Nottinghamshire police have said that tackling the class B drug spice - or one of its variants, black mamba - is a top priority.
Spice is a synthetic cannaboid that is smoked like cannabis, but is much stronger.
Once a ‘legal high’ available on the high street, since 2016 spice has been outlawed.
There are a number of safety nets for people who are addicted to spice.
But is there anything that ordinary members of the public can do?
For Inspector Nick Butler, it is more about what you should never do. And that is give in to the urge to make a kind gesture to someone apparantly down on their luck.
He said: “I would like to warn people to not give the users money, many of them are not homeless. They’ve been offered support and choose not to engage.
“If you do want to help, donate to a charity such as Framework that helps the users.”
He added that although well-meaning members of the public had tried to help people addicted to spice, he had seen some with food stashed away, and that it was cash they were after.
Spice users who want to be helped can get aid from professionals - who often come to them.
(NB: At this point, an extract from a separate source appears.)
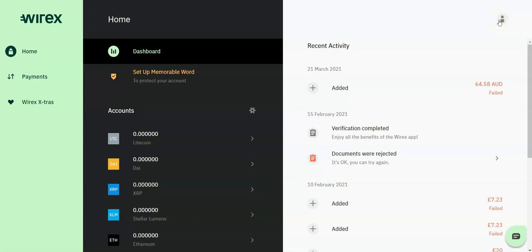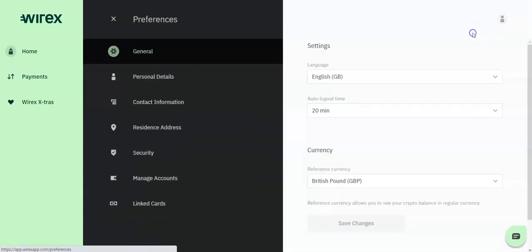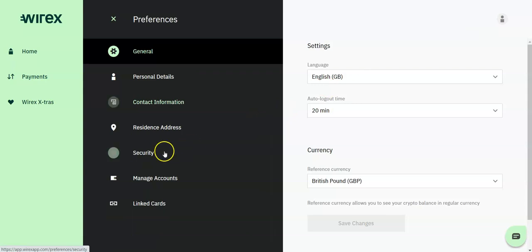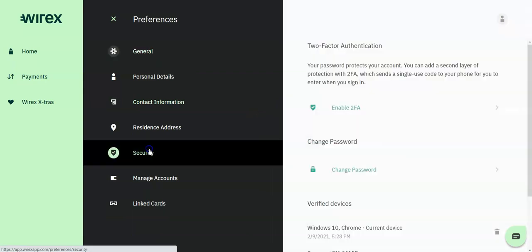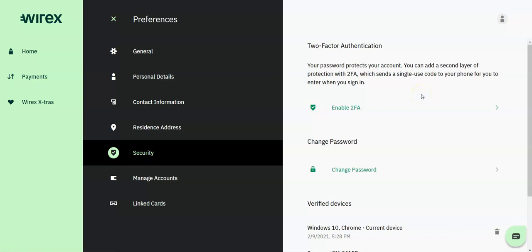Before making any transactions or deposits, for security purposes we recommend that you enable your 2FA. Go to your accounts icon at the top right hand side of your page, select preferences, and go to security. Ensure that you have downloaded the authenticator app onto your mobile phone and then enable your 2FA for an additional security layer.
A spokeswoman for Mansfield District Council said: “The use of mamba is on the increase across the country and many towns and cities are facing the same challenges. “The council is working with Framework and the Mental Health outreach team to signpost Mamba users to support services to help them with their addictions and any housing issues while also working with the police to take enforcement action where necessary.
“The council is funding this targeted outreach with support from the Police and Crime Commissioner.
“From June 11, there has been increased police activity with support from the council’s neighbourhood wardens and antisocial behaviour team.”
She urged people to donate money to recognised charities such as Framework that provide support services – this is called ‘diverted giving’. You can find various ways to donate at www.frameworkha.org/support_us/.
Volunteers from Framework housing association go out first thing in the morning to help the homeless population, armed with housing forms. Their centre on Sherwood Street offers a lifeline for those sleeping rough or at immediate risk of doing so.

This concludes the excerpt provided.